WORK ORDER:
Which lines of the entries below run from the one holding "Lost Male Cat" to the one holding "Clover thumbnail 4", inclusive? Set down exactly those lines and no others.

Stored records:
************
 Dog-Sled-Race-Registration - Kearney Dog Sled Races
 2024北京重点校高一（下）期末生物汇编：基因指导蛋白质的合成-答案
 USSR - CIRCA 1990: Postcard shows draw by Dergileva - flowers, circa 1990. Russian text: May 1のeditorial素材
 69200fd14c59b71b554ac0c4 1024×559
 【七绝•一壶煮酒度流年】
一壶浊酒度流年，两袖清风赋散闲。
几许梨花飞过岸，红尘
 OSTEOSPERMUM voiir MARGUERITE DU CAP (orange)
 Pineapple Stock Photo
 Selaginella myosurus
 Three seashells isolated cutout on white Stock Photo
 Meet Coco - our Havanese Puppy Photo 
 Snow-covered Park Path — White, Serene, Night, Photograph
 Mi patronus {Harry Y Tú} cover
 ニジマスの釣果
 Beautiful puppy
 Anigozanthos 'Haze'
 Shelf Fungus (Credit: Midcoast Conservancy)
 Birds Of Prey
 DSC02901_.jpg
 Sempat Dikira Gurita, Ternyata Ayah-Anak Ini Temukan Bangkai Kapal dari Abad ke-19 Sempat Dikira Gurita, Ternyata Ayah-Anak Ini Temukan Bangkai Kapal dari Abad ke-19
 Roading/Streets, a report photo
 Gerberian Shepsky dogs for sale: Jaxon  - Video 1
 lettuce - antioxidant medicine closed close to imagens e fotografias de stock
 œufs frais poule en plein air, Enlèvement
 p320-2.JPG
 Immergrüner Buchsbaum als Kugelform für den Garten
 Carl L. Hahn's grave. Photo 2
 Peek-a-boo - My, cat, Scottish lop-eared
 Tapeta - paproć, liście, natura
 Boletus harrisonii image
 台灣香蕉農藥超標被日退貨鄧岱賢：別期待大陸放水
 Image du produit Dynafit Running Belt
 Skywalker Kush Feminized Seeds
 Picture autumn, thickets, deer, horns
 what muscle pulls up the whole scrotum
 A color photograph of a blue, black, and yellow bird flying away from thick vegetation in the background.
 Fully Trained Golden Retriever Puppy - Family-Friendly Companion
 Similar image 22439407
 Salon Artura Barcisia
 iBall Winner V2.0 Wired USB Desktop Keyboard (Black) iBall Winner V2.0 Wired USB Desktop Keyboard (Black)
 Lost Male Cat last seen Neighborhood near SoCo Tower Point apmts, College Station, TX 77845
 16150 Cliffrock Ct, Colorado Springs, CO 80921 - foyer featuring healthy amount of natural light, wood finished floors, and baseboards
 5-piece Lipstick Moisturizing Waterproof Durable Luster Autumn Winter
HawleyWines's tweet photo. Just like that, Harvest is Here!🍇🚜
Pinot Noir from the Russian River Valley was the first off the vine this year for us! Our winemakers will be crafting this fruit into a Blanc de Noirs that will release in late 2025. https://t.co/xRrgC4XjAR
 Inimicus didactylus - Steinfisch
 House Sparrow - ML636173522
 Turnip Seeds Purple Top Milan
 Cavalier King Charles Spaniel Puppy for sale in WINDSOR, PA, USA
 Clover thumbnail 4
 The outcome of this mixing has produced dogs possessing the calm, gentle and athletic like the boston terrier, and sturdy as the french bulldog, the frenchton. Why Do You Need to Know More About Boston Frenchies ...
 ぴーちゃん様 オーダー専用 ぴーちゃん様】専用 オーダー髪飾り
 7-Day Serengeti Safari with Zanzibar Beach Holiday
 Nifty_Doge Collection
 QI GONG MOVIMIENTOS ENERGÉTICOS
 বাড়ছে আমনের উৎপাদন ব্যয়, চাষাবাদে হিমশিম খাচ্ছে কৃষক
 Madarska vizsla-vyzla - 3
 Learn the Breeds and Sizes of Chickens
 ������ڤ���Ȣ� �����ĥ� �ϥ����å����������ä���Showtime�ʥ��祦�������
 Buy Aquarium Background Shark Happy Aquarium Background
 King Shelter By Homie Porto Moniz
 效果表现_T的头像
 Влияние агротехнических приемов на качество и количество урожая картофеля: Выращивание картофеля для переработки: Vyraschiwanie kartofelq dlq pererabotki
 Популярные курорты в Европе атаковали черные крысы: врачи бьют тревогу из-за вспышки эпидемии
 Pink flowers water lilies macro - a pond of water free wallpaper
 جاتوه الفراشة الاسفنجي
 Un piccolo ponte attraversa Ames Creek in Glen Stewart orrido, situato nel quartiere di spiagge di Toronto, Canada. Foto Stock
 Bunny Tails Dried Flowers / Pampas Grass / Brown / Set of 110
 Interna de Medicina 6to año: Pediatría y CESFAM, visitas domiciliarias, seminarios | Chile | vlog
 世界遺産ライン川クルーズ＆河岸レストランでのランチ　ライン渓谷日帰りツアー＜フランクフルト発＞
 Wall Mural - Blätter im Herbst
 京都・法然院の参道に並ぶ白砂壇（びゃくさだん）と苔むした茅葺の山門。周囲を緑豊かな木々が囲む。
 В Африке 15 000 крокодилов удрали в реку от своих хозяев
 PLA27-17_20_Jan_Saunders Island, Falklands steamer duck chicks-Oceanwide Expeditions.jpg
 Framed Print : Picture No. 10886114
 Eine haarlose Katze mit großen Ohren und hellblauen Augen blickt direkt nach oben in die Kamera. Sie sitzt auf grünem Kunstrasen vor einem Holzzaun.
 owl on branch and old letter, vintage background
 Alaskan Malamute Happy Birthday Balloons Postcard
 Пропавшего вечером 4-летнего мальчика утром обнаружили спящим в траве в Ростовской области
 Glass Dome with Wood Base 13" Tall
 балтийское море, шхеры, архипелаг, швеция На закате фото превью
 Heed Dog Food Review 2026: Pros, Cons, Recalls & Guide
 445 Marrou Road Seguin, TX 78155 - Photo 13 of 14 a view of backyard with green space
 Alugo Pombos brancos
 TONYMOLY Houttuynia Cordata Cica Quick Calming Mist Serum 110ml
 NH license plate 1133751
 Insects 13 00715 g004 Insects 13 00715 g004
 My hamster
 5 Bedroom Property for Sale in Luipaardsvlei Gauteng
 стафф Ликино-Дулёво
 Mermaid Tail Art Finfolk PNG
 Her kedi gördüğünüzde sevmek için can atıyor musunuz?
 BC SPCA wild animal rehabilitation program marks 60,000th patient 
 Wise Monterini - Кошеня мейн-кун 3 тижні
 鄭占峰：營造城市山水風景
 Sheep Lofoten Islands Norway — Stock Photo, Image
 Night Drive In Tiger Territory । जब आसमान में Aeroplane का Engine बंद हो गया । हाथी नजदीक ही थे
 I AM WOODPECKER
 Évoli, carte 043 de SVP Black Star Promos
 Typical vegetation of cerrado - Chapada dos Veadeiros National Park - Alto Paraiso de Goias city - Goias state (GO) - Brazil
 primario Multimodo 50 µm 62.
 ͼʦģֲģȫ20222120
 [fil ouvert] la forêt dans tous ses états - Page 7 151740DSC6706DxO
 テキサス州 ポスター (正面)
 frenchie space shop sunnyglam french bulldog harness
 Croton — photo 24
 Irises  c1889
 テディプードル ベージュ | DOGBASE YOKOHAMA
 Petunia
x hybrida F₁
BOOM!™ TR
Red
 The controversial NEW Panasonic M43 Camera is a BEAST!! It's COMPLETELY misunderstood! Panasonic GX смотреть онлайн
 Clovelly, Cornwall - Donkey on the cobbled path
************
ANSWER TO THIS PROBLEM:
 Lost Male Cat last seen Neighborhood near SoCo Tower Point apmts, College Station, TX 77845
 16150 Cliffrock Ct, Colorado Springs, CO 80921 - foyer featuring healthy amount of natural light, wood finished floors, and baseboards
 5-piece Lipstick Moisturizing Waterproof Durable Luster Autumn Winter
HawleyWines's tweet photo. Just like that, Harvest is Here!🍇🚜
Pinot Noir from the Russian River Valley was the first off the vine this year for us! Our winemakers will be crafting this fruit into a Blanc de Noirs that will release in late 2025. https://t.co/xRrgC4XjAR
 Inimicus didactylus - Steinfisch
 House Sparrow - ML636173522
 Turnip Seeds Purple Top Milan
 Cavalier King Charles Spaniel Puppy for sale in WINDSOR, PA, USA
 Clover thumbnail 4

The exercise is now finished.